Au cours de son deuxième mandat, tout en continuant à préconiser un contrôle serré des dépenses, le gouvernement a plutôt donné l'impression de chercher la solution du côté des revenus, même s'il s'est empressé de tabletter le rapport Montmarquette sur la tarification.
Dans un contexte minoritaire, il a cependant préféré s'en tenir à un dégel très mesuré des droits de scolarité. Il a également manqué une belle occasion d'occuper l'espace fiscal qui a été libéré par la baisse de la TVQ décidée par le gouvernement Harper.
Même si M. Charest semble avoir pris goût au confort de l'inaction, la crise actuelle ne lui laissera malheureusement pas le loisir d'en profiter, sous peine de laisser le Québec replonger dans un déficit structurel dont il aura le plus grand mal à s'extirper.
Si la situation des finances fédérales est encore pire que ce que James Flaherty avait prévu en janvier dernier, comme le croient les économistes de la banque Toronto Dominion, on peut penser que Mme Jérôme-Forget n'annoncera rien de très réjouissant jeudi.
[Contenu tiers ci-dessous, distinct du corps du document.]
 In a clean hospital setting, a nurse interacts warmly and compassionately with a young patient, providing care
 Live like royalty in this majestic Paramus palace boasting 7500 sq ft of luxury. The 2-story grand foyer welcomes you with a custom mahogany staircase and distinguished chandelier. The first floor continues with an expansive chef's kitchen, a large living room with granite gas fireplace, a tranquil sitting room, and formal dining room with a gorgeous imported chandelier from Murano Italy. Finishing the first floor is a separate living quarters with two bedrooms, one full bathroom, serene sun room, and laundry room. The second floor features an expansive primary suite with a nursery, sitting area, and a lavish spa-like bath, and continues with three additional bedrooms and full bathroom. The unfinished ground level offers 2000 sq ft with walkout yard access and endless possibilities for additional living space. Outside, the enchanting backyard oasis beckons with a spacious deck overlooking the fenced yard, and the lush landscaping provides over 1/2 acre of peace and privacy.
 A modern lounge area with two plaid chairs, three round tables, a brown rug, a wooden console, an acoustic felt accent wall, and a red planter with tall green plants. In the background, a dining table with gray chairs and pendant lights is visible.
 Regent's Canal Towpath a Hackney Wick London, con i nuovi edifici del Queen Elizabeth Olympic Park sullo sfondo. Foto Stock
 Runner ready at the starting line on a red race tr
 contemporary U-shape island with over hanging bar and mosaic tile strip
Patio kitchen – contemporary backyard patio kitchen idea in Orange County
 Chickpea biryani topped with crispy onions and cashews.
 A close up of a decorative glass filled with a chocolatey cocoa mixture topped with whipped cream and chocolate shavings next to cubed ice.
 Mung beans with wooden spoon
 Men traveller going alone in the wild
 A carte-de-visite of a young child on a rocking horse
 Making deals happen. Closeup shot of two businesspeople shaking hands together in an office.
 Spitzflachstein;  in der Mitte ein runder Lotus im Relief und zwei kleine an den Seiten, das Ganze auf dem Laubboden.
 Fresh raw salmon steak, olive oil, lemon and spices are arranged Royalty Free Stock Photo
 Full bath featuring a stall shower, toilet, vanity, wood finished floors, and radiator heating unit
Personne ne souhaite revivre le douloureux épisode des mises à la retraite de 1997, dont le réseau de la santé ne s'est pas encore remis. Les choses auraient sans doute pu être faites différemment, mais il demeure que l'on ne fait pas d'omelette sans casser des oeufs.
Il est facile de jeter les fonctionnaires -- et les syndicats en général -- en pâture aux contribuables dans un sondage, mais il y a des limites à dégraisser sans influer sur les services de façon significative. C'est un choix tout à fait légitime, mais il faudrait que les implications soient claires pour tout le monde.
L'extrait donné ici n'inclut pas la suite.